▶ Instructions to follow: Return a faithful copy of all the entries, omitting the images.

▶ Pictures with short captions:
_ _ _

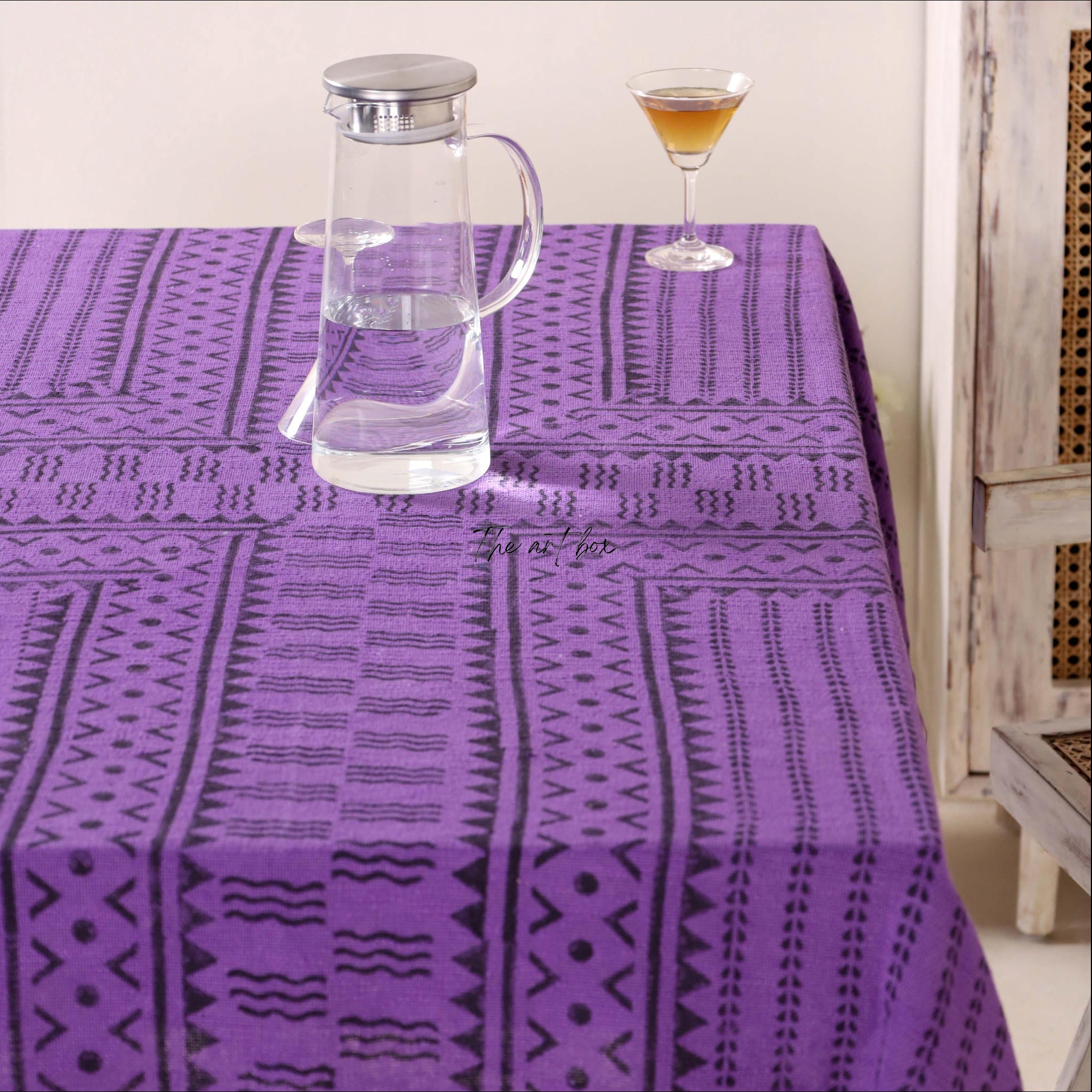 Purple Printed Table Cover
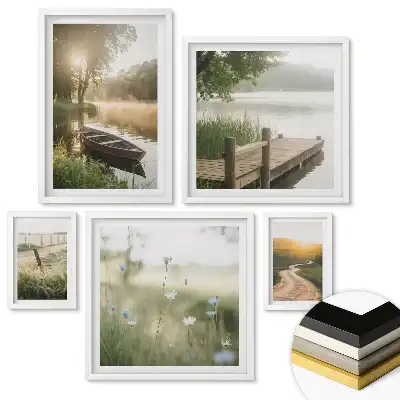 Set de 5 tablouri înrămate cu fluturi pe fundal natural în culori pastel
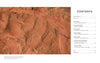 Aerial view of large dinosaur footprints in reddish rock by the Colorado River. At right, the black table of contents for "In the Chasms of Water, Stone, and Light" by Schiffer Publishing, Ltd. appears on a white background.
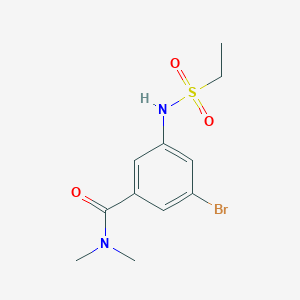 molecular formula C11H15BrN2O3S B8131126 3-Bromo-5-ethanesulfonylamino-N,N-dimethylbenzamide 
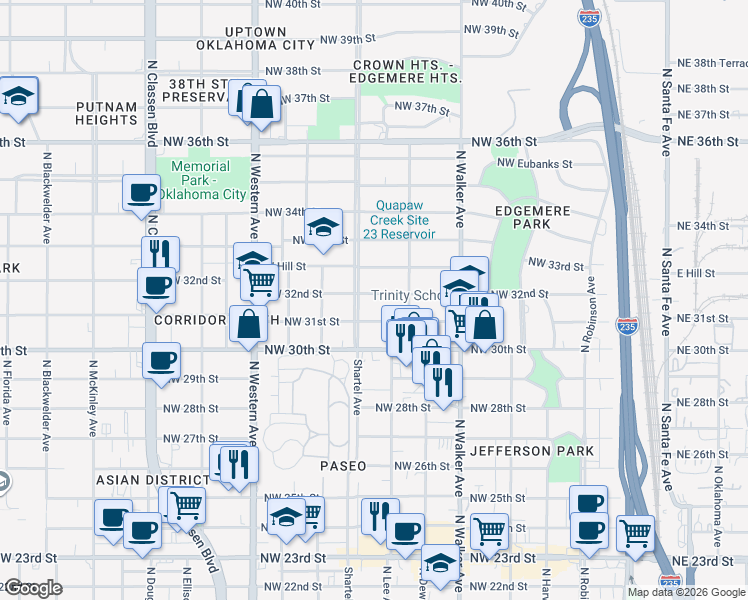 map of restaurants, bars, coffee shops, grocery stores, and more near 710 Northwest 32nd Street in Oklahoma City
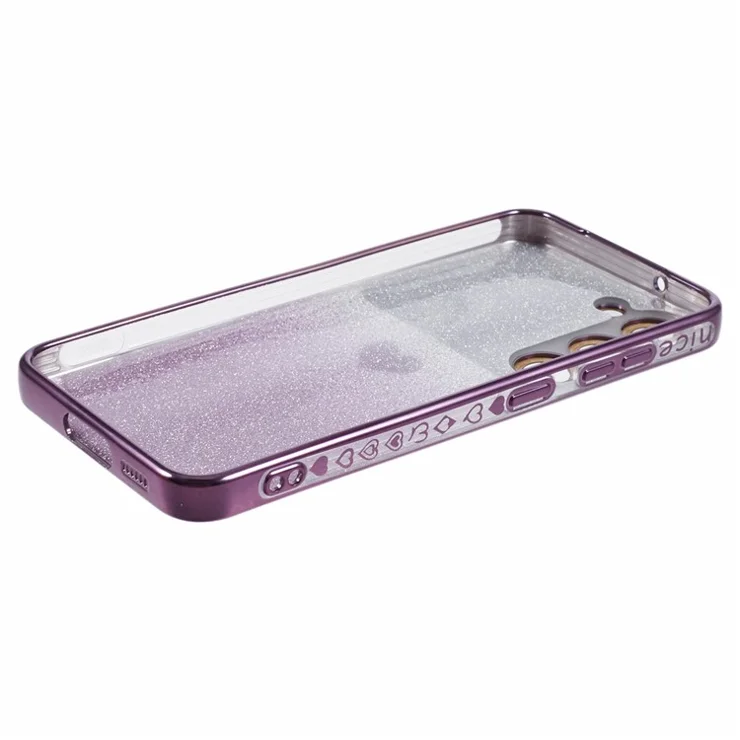 For Samsung Galaxy S23 Case TPU Shockproof Protection Gradient Glitter Phone Cover - Dark Purple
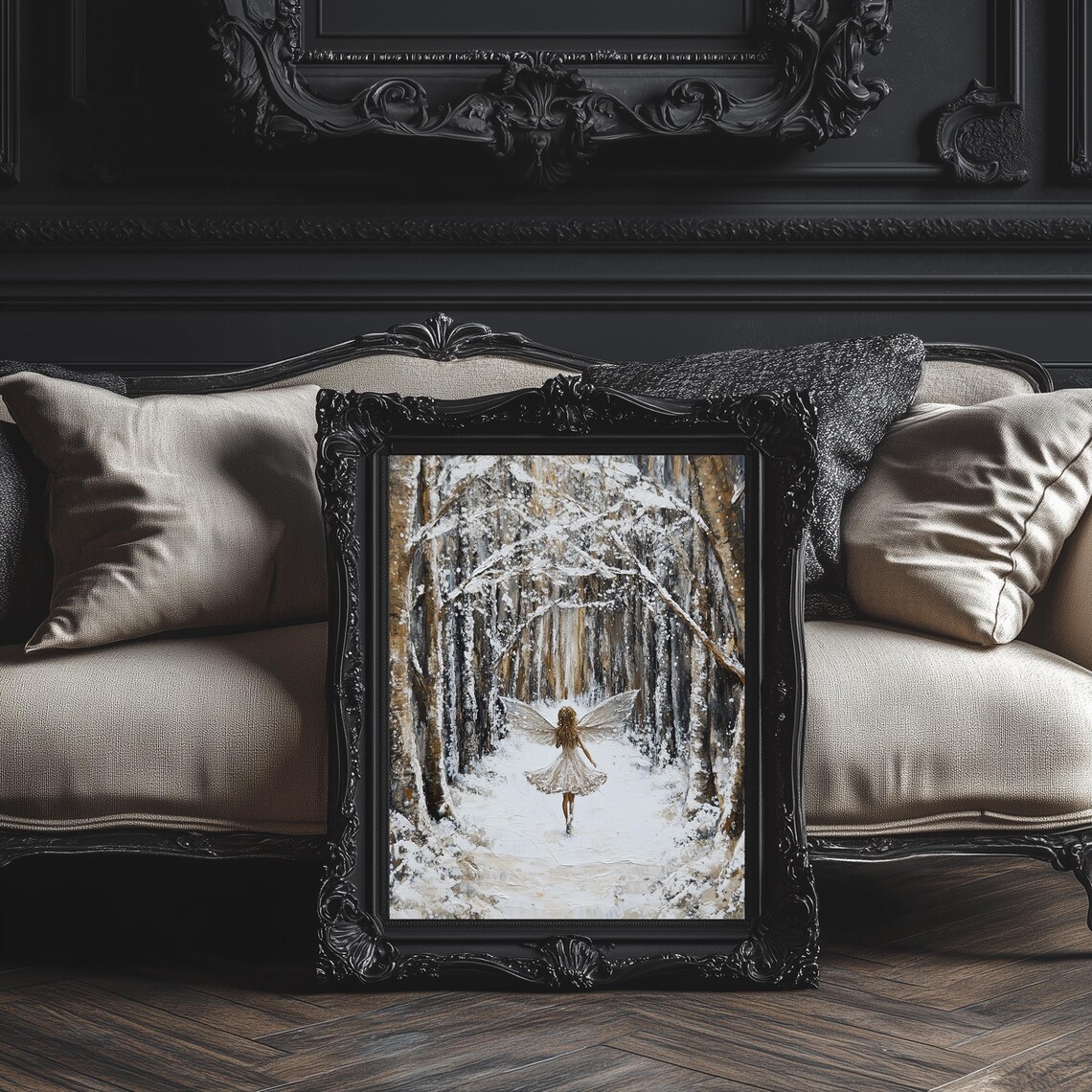 Winter Fairy In Snowy Birch Forest Path White Dress Fantasy Print - Image 3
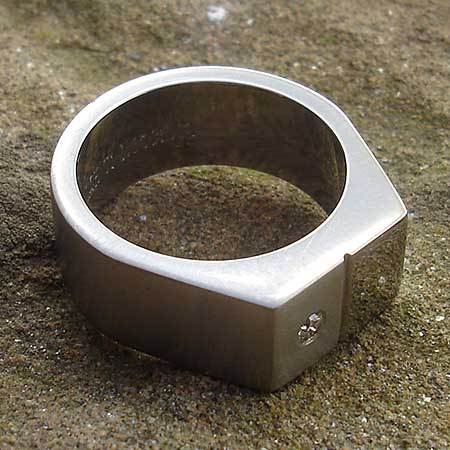 Titanium diamond signet ring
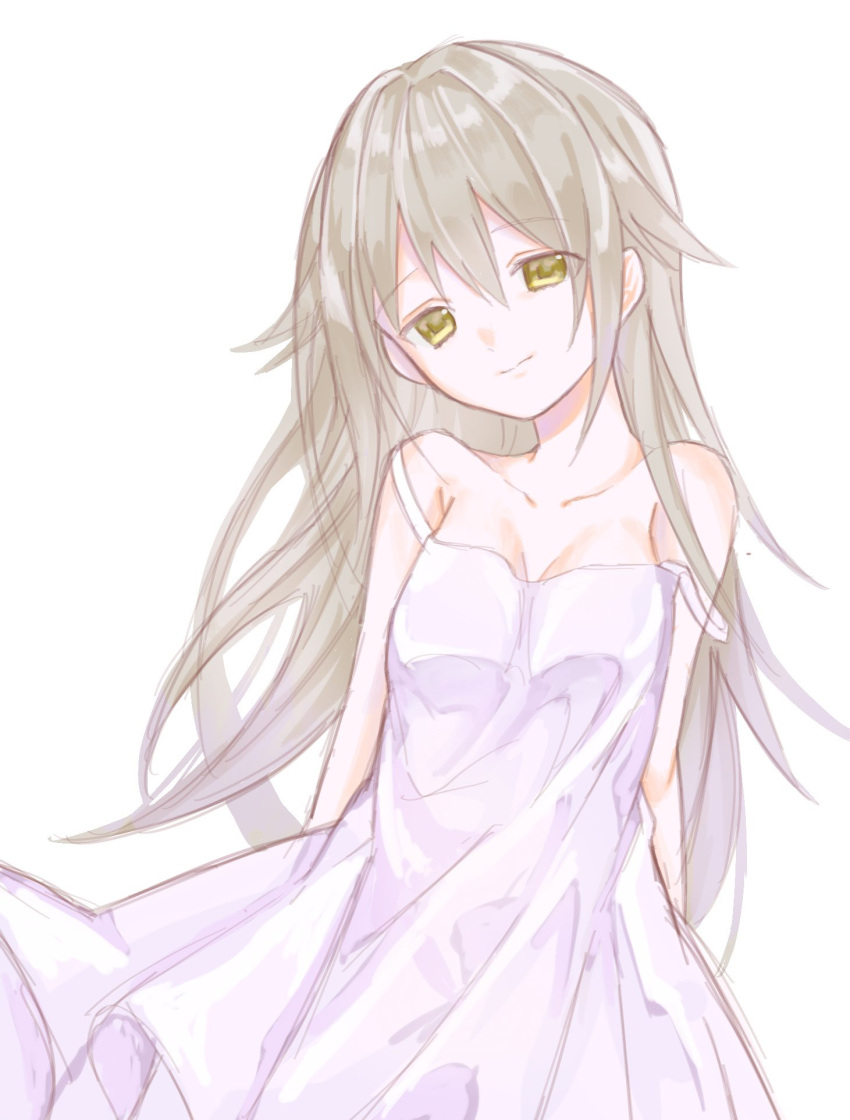 1girl, bare_shoulders, comet543, dress, grey_hair, highres, kureha_yuna, magia_record:_mahou_shoujo_madoka_magica_gaiden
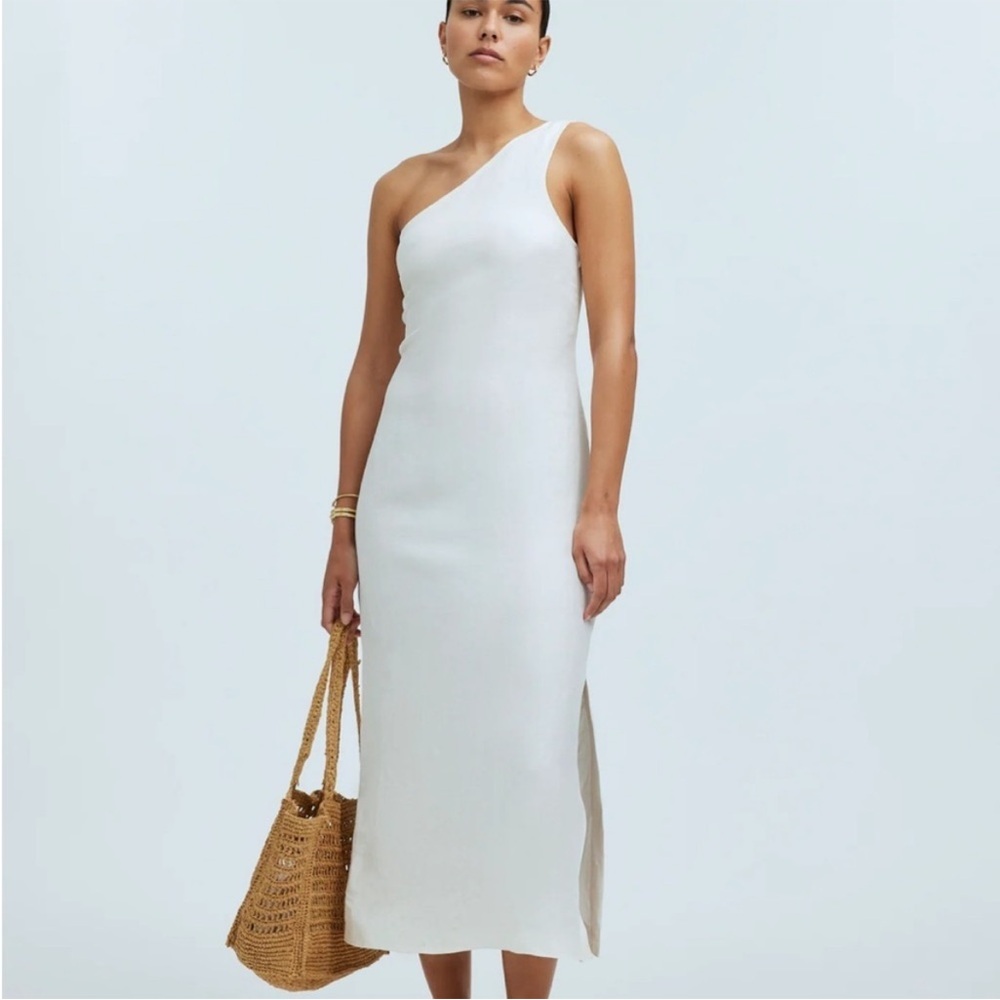 Madewell One-Shoulder Midi Dress Linen Blend White size 14 NWT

_ _ _

▶ Completed exercise:
 Purple Printed Table Cover
 Set de 5 tablouri înrămate cu fluturi pe fundal natural în culori pastel
 Aerial view of large dinosaur footprints in reddish rock by the Colorado River. At right, the black table of contents for "In the Chasms of Water, Stone, and Light" by Schiffer Publishing, Ltd. appears on a white background.
 molecular formula C11H15BrN2O3S B8131126 3-Bromo-5-ethanesulfonylamino-N,N-dimethylbenzamide 
 map of restaurants, bars, coffee shops, grocery stores, and more near 710 Northwest 32nd Street in Oklahoma City
 For Samsung Galaxy S23 Case TPU Shockproof Protection Gradient Glitter Phone Cover - Dark Purple
 Winter Fairy In Snowy Birch Forest Path White Dress Fantasy Print - Image 3
 Titanium diamond signet ring
 1girl, bare_shoulders, comet543, dress, grey_hair, highres, kureha_yuna, magia_record:_mahou_shoujo_madoka_magica_gaiden
 Madewell One-Shoulder Midi Dress Linen Blend White size 14 NWT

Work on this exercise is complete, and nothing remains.